El biólogo Craig Venter, figura central en la carrera por descifrar el genoma humano y padre de la primera célula sintética, falleció a los 79 años. Su muerte, derivada de complicaciones en un tratamiento oncológico, cierra una carrera marcada por logros científicos reales y una feroz visión corporativa de la ciencia.
Biología sintética: del genoma a la impresora de ADN 🧬
Venter no solo secuenció el genoma humano con métodos radicales, sino que fundó el Instituto J. Craig Venter y creó Mycoplasma laboratorium, el primer organismo con un genoma sintético. Su equipo desarrolló técnicas de síntesis y ensamblaje de ADN a gran escala, sentando las bases para la impresión de genes y la producción de combustibles y vacunas mediante células diseñadas. Su enfoque aceleró la genómica funcional.

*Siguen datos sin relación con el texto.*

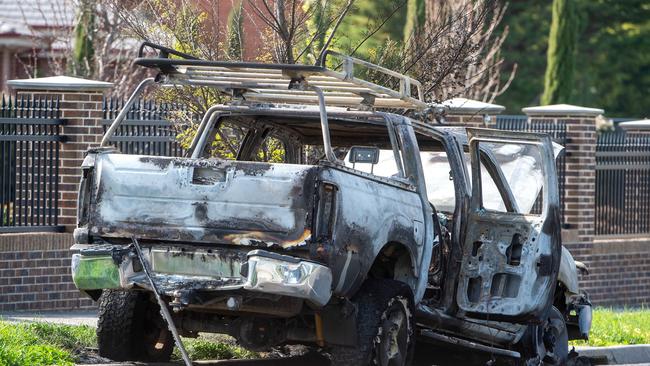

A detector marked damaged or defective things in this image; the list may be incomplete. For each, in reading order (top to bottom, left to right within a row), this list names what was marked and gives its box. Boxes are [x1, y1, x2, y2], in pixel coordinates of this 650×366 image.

burnt-out vehicle [72, 43, 592, 366]
damaged pickup truck [72, 43, 592, 366]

Patentando la vida, un negocio redondo 💰
Venter entendió que en la ciencia moderna quien descubre primero, patenta primero. No dudó en solicitar derechos sobre genes humanos y microorganismos sintéticos, convirtiendo la biología en un campo de batalla legal. Su legado incluye un genoma humano secuenciado en tiempo récord y una colección de patentes que harían palidecer a cualquier startup. Al menos, murió sin tener que pagar royalties por su propio cáncer.